Se le cose stanno cosi, non riesco a trovare altre spiegazioni se non ricorrendo al buon vecchio Freud. Accusare l’altro di ciò che di fatto si persegue con accanimento ormai reiterato ed esplicito. Oltretutto, non è ciò che accade costantemente anche nelle nostre relazioni private? Non trovo più una persona violenta che non rivendichi alla fine di essere essa stessa vittima della violenza. Mentre alle vittime è tolto il diritto di parola, i carnefici si difendono facendo le vittime. Piccolo inciso che conferma questa sommaria analisi di psicologia sociale: nei giorni scorsi ho avuto la pessima idea di ascoltare cinque minuti di dibattito politico in televisione. Qualcuno ha provato a dire che a Gaza si sta consumando un genocidio. Apriti cielo. La conduttrice progressista e di sinistra si è indignata dicendo che non vuole che nella sua trasmissione si pronuncino simili parole. Dopo qualche minuto un brillante (sono decisamente ironico) esponente della destra, uno di quelli che sta trovando una nuova giovinezza perché disposto a difendere in ogni occasione l’indifendibile, ha detto testualmente: “il 7 ottobre si è consumato un vero e proprio genocidio del popolo ebraico”. In questo caso, la nostra conduttrice progressista e di sinistra non ha ritenuto di interrompere né di indignarsi (e con questo, è inutile dirlo, non voglio in alcun modo minimizzare la crudeltà del 7 ottobre).

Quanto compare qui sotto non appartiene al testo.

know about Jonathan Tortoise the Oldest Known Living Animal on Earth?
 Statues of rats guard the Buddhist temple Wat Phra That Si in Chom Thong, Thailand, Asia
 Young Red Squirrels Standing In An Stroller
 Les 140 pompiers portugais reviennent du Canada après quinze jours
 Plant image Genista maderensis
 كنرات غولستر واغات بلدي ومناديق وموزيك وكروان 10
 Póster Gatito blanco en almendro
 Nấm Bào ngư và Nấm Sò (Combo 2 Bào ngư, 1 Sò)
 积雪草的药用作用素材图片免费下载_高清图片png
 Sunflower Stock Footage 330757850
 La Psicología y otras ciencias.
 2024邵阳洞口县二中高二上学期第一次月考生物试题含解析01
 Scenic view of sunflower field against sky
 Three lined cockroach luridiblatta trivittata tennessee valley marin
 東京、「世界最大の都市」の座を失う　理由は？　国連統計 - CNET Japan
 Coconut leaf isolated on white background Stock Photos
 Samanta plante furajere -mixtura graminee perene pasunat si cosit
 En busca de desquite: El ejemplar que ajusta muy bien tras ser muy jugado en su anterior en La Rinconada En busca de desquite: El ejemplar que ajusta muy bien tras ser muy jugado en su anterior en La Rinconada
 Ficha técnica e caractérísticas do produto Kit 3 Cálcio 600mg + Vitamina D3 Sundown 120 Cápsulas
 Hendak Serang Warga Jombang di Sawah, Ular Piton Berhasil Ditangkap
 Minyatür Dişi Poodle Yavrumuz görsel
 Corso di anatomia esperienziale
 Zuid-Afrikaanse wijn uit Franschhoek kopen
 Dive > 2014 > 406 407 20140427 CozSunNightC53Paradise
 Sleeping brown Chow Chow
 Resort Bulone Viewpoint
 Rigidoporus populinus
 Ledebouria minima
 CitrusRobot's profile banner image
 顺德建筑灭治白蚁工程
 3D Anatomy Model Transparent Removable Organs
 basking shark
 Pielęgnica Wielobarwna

Il piccolo insegnamento che dobbiamo trarne è immediatamente politico e attraversa tutto questo tempo così poco chiaro che ci accade di vivere. La domanda giusta non è: “perché i carnefici fanno i carnefici?”, ma è: “perché i carnefici rappresentano sistematicamente se stessi come vittime?”. Qualcuno direbbe per autoassolversi. Forse non sarebbe una contraffazione, ma certamente sarebbe una semplificazione. Perché ciò che l’Occidente fa non è solo non sentirsi in colpa per quel che ha scelto di diventare, ma accusare gli altri di essere ciò che esso stesso è diventato. Dietro il vittimismo c’è non solo la necessità di non sentirsi in colpa, ma anche il bisogno di far sentire in colpa coloro che si perseguitano, in modo da legittimare i propri comportamenti.

Tra muri e deportazioni, mi pare che la cartografia che stiamo cercando di imporre al mondo intero sia fondata sulla segregazione e il controllo di interi gruppi sociali, estesi a livello planetario. Non più guerre tra Stati, ma guerre di un gruppo sociale minoritario a gruppi sociali a cui vengono ormai negati senza ragione i diritti più elementari. Sono gruppi sociali eterogenei, ho scritto. Ma se dovessi indicarne un tratto comune, direi che sono tutti gruppi sociali non abbienti. Palestinesi, stranieri in genere, ceto medio riflessivo, persone non binarie, donne: ho certamente dimenticato qualcuno nell’elenco. Di fatto poveri, sottoposti a un regime di apartheid plateale da parte dei ricchi. Si chiama apartheid, si legge neo-capitalismo: non più soltanto un dispositivo economico, ma un vero e proprio dispositivo economico-politico.